Cumhurbaşkanı Tayyip Erdoğan tarafından da görüşleri dikkate alınan Yeni Şafak yazarı Prof. Dr. Hayrettin Karaman, "Mesleği, mevkii, rütbesi ne olursa olsun her mümin, göstermeyi, bilinmeyi, övülmeyi hedeflemeksizin her durumda inancının gerektirdiği gibi davranır; bu yüzden ona 'sen dini istismar ediyorsun' demek iftira olur" dedi. Karaman, din istismarcılarını, "inancı ve normal hayatı dinden uzak olduğu halde belli bir maksadı elde etmek için din söylemi ve eylemini kullanan kimseler" olarak tanımladı.
Karaman, geçtiğimiz hafta, bugün (16 Nisan 2017) yapılan halk oylamasıyla ilgili olarak "Bizi hedefe yaklaştıracak olan bir adımı daha 'Evet' diyerek atmak, 'farz olanı tamamlayan ve ona yaklaştıran her fiil farzdır' kuralının çerçevesine dahildir" demişti. Karaman'ın söz konusu ifadesi, kamuoyunda tartışmalara yol açmıştı.
Karar yazarı Elif Çakır, aralarında Diyanet İşleri Başkanı Mehmet Görmez'in de bulunduğu çok sayıda din adamına çağrı yapmış, "Bildiğimiz kadarıyla oldukça dünyevi bir sistem seçimi var. Yine bildiğimiz kadarıyla bunun ‘dinle’ ‘imanla’ bir alakası yok" ifadesini kullanmıştı.
Hürriyet yazarı Taha Akyol da, "Ya önerilen sistem sandıkta kabul edilir de olumsuz sonuç verirse, Prof. Şükrü Karatape’nin deyişiyle '3 sene 5 sene; baktık olmuyor, Parlamento’nun toplanıp tekrar değiştirmesi' gerekirse, 'farz'ın yeri ne olacak?!" sözleriyle tepkisini dile getirmişti.
Hayrettin Karaman'ın "Hayatımızda hangi İslam ve ne kadar var?" başlığıyla yayımlanan (16 Nisan 2017) yazısı şöyle:
Nefis muhasebesi bakımından bu soruyu sıkça sormamız gerekiyor.
Hangi İslam sorusu, çeşitli yabancı etkilerle İslam'ı saptıran cereyanlar, telkinler, yorumlar sebebiyle önemli. Farkında olarak veya olmayarak doğru anlaşılmış bir İslam'dan uzak düşmemek için mümin, gerektiği sıklıkta ve keyfiyette bu denetimi yapmalıdır.
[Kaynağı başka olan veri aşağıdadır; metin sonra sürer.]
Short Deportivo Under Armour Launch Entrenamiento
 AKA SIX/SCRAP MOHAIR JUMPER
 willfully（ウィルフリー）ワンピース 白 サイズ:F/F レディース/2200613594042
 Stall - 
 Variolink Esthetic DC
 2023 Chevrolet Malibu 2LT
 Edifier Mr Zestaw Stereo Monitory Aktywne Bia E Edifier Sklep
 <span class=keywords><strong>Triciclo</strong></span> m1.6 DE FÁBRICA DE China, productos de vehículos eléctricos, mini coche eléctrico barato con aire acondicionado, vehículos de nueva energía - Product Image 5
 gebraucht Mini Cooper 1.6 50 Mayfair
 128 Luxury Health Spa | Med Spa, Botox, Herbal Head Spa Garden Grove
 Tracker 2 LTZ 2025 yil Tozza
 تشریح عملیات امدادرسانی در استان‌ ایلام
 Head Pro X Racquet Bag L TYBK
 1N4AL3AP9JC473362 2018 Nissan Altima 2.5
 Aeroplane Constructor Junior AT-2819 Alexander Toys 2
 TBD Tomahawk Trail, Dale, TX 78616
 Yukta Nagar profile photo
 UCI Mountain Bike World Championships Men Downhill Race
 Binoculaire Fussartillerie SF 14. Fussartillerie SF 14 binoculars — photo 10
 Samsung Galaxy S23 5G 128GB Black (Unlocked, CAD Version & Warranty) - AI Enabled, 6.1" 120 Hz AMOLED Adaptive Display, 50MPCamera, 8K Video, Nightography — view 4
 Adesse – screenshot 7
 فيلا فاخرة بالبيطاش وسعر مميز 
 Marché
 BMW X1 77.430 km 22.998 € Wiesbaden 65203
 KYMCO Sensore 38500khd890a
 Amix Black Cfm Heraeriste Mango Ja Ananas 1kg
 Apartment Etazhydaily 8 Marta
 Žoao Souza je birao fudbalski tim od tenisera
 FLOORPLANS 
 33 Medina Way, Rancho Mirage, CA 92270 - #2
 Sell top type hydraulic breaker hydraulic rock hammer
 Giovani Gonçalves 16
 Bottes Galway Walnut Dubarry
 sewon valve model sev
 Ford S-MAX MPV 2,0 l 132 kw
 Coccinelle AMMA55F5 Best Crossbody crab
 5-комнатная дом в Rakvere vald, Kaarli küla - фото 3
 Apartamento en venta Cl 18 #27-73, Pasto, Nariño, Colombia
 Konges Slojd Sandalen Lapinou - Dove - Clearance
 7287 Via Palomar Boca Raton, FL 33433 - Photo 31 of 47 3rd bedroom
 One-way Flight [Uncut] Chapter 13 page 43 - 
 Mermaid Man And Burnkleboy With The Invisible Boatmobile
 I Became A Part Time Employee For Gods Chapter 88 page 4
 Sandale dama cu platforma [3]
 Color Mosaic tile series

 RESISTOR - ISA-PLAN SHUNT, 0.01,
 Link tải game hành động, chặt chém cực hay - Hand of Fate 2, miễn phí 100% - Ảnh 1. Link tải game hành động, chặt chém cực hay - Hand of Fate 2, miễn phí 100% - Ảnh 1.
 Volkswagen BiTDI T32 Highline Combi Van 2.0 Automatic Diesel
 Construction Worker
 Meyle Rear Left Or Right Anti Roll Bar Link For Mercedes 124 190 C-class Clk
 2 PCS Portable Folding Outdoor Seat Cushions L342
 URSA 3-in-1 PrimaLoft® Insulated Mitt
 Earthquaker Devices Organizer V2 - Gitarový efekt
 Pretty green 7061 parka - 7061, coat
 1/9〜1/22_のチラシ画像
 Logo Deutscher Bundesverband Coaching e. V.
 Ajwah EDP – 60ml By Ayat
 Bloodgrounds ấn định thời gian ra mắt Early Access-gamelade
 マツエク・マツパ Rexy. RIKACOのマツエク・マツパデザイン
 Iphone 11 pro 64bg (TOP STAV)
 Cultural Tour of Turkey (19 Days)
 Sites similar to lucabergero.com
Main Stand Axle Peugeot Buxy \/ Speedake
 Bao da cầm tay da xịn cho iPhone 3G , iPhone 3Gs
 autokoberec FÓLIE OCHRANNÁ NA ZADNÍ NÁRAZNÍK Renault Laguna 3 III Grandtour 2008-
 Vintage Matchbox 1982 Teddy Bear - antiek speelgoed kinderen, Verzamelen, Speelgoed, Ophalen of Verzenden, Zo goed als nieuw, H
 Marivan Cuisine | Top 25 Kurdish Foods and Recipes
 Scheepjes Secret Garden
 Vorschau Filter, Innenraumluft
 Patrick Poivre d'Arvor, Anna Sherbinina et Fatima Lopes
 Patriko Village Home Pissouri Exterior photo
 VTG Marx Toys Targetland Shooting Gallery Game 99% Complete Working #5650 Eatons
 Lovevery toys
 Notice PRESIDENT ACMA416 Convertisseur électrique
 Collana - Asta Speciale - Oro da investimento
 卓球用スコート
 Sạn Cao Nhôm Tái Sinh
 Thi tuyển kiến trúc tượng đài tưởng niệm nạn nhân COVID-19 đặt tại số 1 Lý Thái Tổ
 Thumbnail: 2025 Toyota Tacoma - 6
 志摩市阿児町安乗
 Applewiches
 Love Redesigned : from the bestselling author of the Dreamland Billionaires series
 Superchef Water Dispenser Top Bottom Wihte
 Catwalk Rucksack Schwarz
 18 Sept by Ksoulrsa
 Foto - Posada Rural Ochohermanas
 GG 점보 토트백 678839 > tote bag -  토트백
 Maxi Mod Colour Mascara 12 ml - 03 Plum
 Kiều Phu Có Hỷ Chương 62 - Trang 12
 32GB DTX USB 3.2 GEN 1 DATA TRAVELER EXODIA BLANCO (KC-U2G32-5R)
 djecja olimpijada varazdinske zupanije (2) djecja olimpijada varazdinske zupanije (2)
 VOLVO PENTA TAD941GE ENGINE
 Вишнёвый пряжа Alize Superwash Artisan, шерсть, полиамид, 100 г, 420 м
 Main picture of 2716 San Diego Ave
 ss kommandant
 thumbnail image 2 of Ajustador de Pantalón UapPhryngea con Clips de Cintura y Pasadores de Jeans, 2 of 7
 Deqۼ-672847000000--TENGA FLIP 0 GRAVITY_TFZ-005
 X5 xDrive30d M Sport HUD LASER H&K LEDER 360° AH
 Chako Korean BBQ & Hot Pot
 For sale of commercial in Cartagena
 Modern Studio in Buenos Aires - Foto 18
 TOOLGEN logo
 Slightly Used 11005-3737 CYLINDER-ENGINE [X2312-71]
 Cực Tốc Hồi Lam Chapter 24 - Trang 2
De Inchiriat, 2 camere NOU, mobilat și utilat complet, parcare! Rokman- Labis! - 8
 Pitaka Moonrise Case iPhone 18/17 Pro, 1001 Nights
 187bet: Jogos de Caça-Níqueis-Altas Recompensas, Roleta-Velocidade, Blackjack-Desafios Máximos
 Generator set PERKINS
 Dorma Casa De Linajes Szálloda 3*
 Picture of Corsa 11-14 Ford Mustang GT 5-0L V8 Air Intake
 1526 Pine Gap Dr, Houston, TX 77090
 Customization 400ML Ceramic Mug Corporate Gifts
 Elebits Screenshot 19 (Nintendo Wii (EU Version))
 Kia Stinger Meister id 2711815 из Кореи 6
Alimler ve uzmanlar kelam meselelerini, mezhepler arası ihtilafları öğrenir ve tartışabilirler. Sıradan bir mümin için ölçüt Ehl-i Sünnet İslam'ı olmalıdır ve bunu da öğrenmek, her seviyeye göre yazılmış kaynaklarını el atında bulundurmak, gerektikçe de alimlere sormak zor değildir.
Bu kadar önemli ikinci soru da “hayatımızda İslam'ın ne kadarının bulunduğudur”.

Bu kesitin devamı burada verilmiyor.